If you just want a solution that works, ZoneMinder or Motion are two pieces of software that run under linux using the video4linux interface.
If you need to roll your own for some reason there are a lot of techniques or strategies you can use. You are largely on the right track with what you've outlined. You're missing a few important details though.
Since the camera is stationary, keep a record of the last N frames as your "background" image. Average them all.
http://opencv.willowgarage.com/documentation/cpp/imgproc_motion_analysis_and_object_tracking.html
Subtract the background from the current image. What you're left with we'll call the foreground.
http://opencv.willowgarage.com/documentation/cpp/core_operations_on_arrays.html#cv-absdiff
Optionally perform dilation or erosion (or both) to remove noise or join nearly connection regions.
http://opencv.willowgarage.com/documentation/image_filtering.html#dilate
Threshold the foreground image to determine what's important and what's not.

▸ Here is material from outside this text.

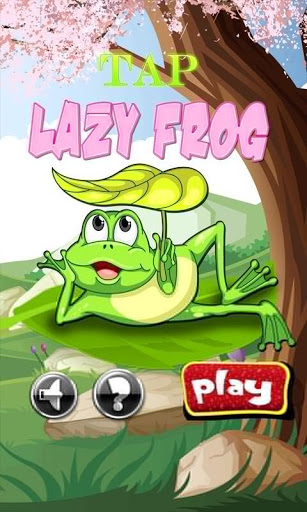 Tap Lazy Frog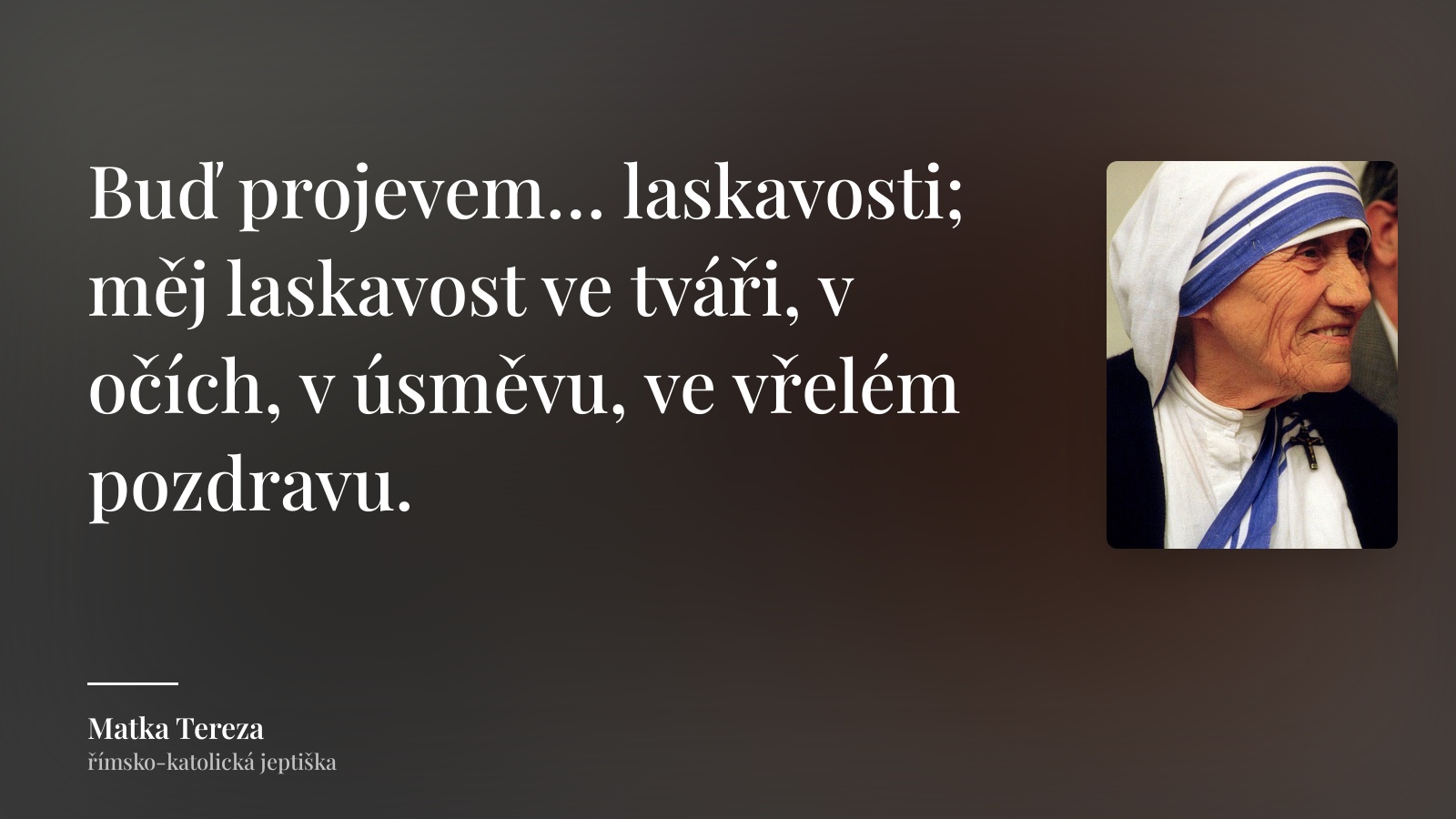 Matka Tereza citát: „Buď projevem… laskavosti; měj laskavost ve tváři, v očích, v úsměvu, ve vřelém pozdravu.“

http://docs.opencv.org/doc/tutorials/imgproc/threshold/threshold.html
Optionally use the findContours function to get a description of what's "moved"
http://docs.opencv.org/doc/tutorials/imgproc/shapedescriptors/find_contours/find_contours.html
Once you have the contours you can also find the bounding rectangles if that's more what you're going for.
This will not be perfect and when debugging or optimizing you have to show output after every step to figure out what's working right and what isn't. Spend some time building the infrastructure to make that easier. Once you have source data and most of a working pipeline tuning to get the results you want is quite doable.